As the waters receded, hope arrived- as it does in many places after a natural disaster -in the form of students who answered the call to help. They dried books, blotted ancient sheet music, carried objects to safety, and took direction to salvage what they could. What, however, will it take to remove the mortar-eating salt that made its way behind pieces of mosaic? What happens to rugs, wood, and walls that have been exposed to seawater as well as Venice’s rather shockingly untreated sewage (everything is flushed right into the canals)? How much energy will it take to dry these buildings to prevent them from becoming moldy and unhealthy? What will the long-term damage be to the art and historic structures that are literally everywhere you look?

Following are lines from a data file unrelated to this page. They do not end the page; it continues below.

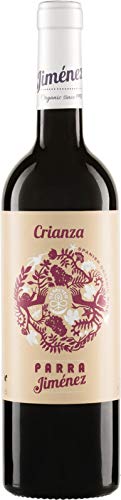 Bodegas Irjimpa Crianza PARRA La Mancha DO 2017 Familia Parra (1 x 0.75 l) von Bodegas Irjimpa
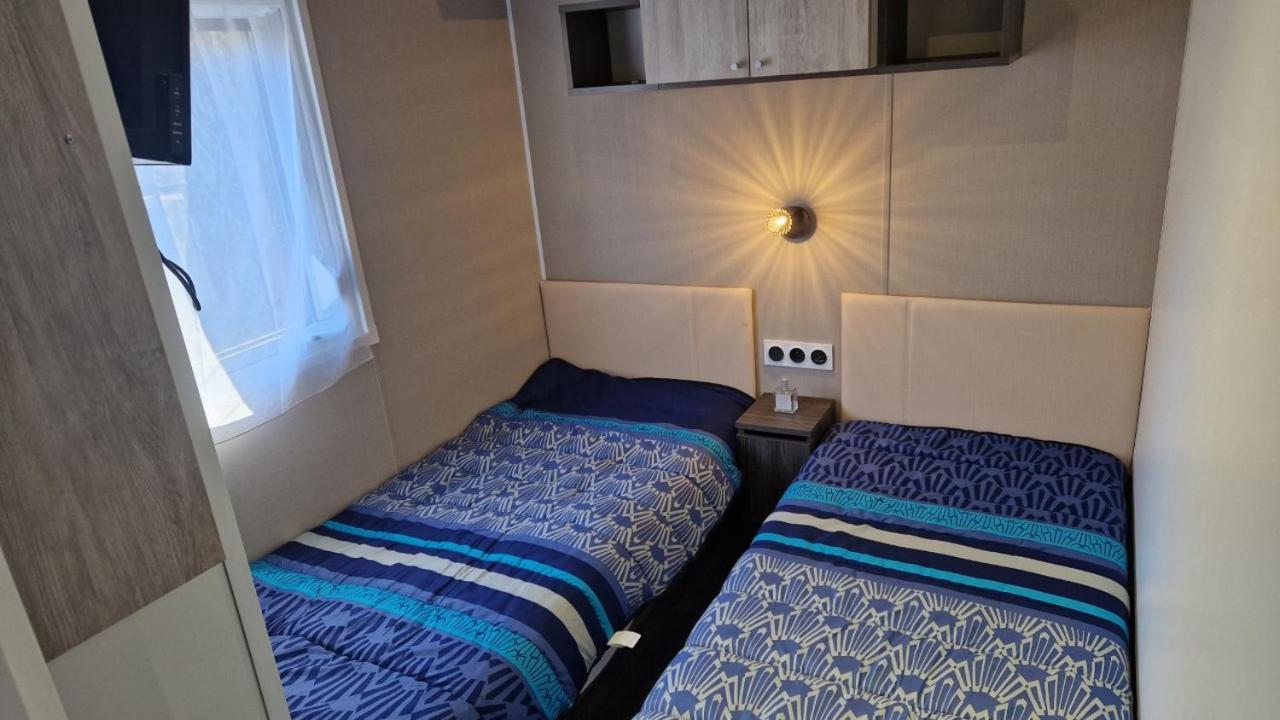 Mobil Home 8 Couchages Dans Camping 4 Etoiles A Pont Aven 29930 מראה חיצוני תמונה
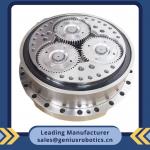 Heat Dissipation Antirust Paint Cycloidal Gearbox RV-160 Nabtesco Light Weight for sale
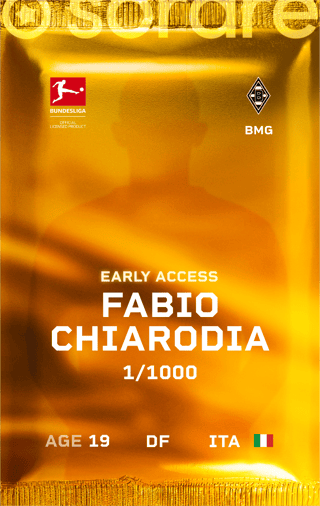 Fabio Chiarodia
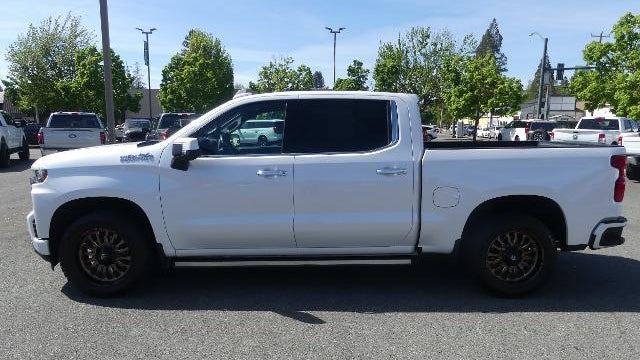 2020 Chevrolet Silverado 1500 High Country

Venice hosts its famous Venice Biennale, which ran from May 11 to November 24. This year’s appropriately entitled May You Live In Interesting Times included many works addressing climate change, fake news, and our interconnectedness. One work inspired by the elevated walkways that Venetians set up during high tides; another mused about a post-fossil fuel future; and one particularly poignant piece addressed immigration. Swiss artist Christoph Büchel’s work Barca Nostra (Our Boat) displayed the actual ship which sunk off the Sicilian coast, trapping and drowning approximately 1000 North Africans trying to reach Europe from Libya. The work forced discussion about the plight of immigration and whether this was art, a call to action, sensationalism, or (as Charlotte Higgins in a Guardian article called it) “a mass grave.” If applied to climate and climate refugees the takeaway message is this: we are all occupants on the same overcrowded and vulnerable boat and we are taking on water. We have the luxury of standing on a shoreline and we can take action, or as appalled viewers lamented, we can take selfies.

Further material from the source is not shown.